◆ Exercise instructions ◆
Dropping every picture, set down exactly the lines in the entries below, starting with the line with "Kubota M95GXDTC-4 Tractor" and going on through the line with "LUCKY HERP Reptile".

◆ Records ◆
========================================

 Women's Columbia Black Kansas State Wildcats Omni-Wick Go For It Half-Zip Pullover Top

========================================

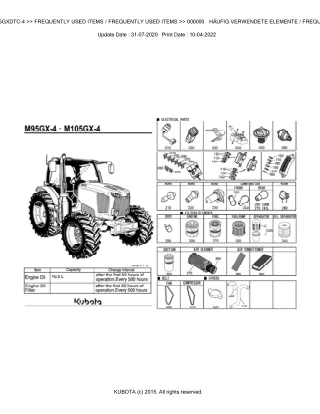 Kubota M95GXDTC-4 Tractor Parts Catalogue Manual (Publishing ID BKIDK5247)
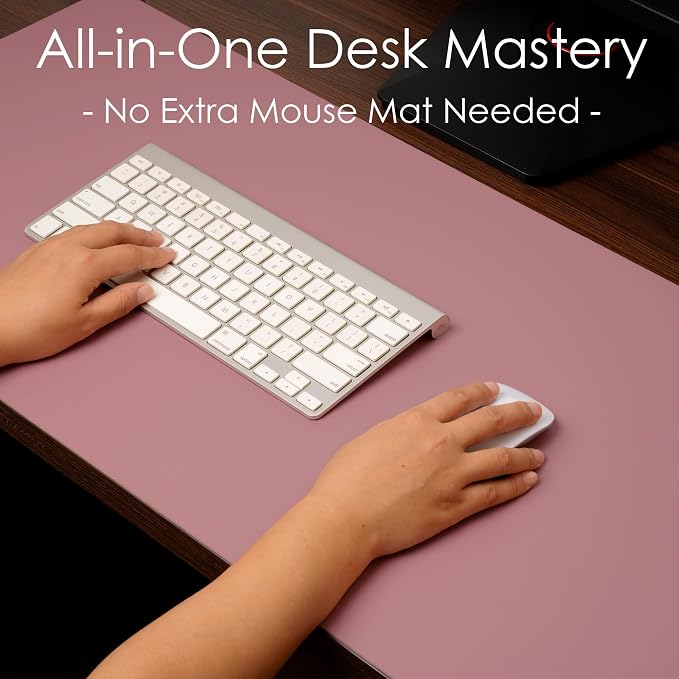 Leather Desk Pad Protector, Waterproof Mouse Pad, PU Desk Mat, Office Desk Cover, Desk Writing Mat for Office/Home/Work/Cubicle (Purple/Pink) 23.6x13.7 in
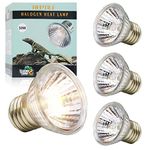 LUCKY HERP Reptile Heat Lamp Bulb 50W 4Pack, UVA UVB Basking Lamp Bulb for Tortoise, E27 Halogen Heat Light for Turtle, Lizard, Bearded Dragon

========================================

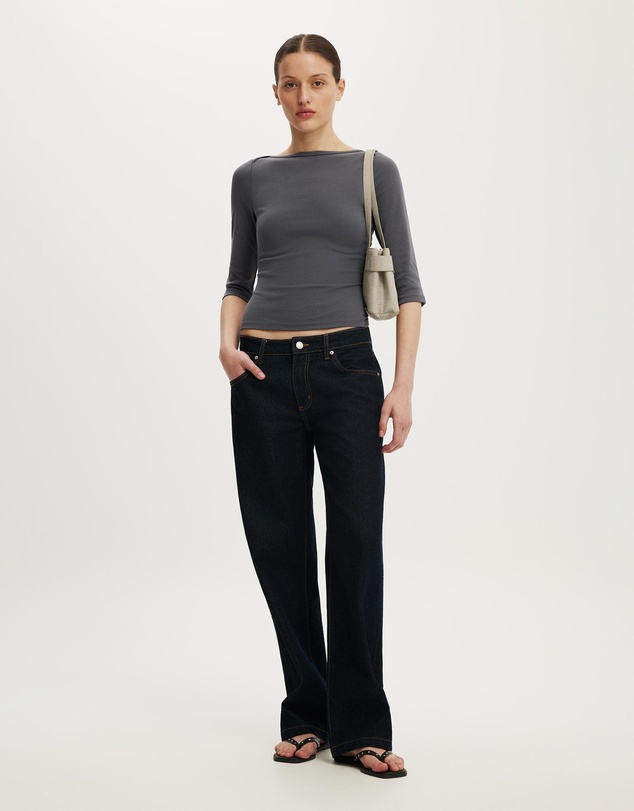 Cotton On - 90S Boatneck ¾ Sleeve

========================================

◆ Result of the exercise ◆
 Kubota M95GXDTC-4 Tractor Parts Catalogue Manual (Publishing ID BKIDK5247)
 Leather Desk Pad Protector, Waterproof Mouse Pad, PU Desk Mat, Office Desk Cover, Desk Writing Mat for Office/Home/Work/Cubicle (Purple/Pink) 23.6x13.7 in
 LUCKY HERP Reptile Heat Lamp Bulb 50W 4Pack, UVA UVB Basking Lamp Bulb for Tortoise, E27 Halogen Heat Light for Turtle, Lizard, Bearded Dragon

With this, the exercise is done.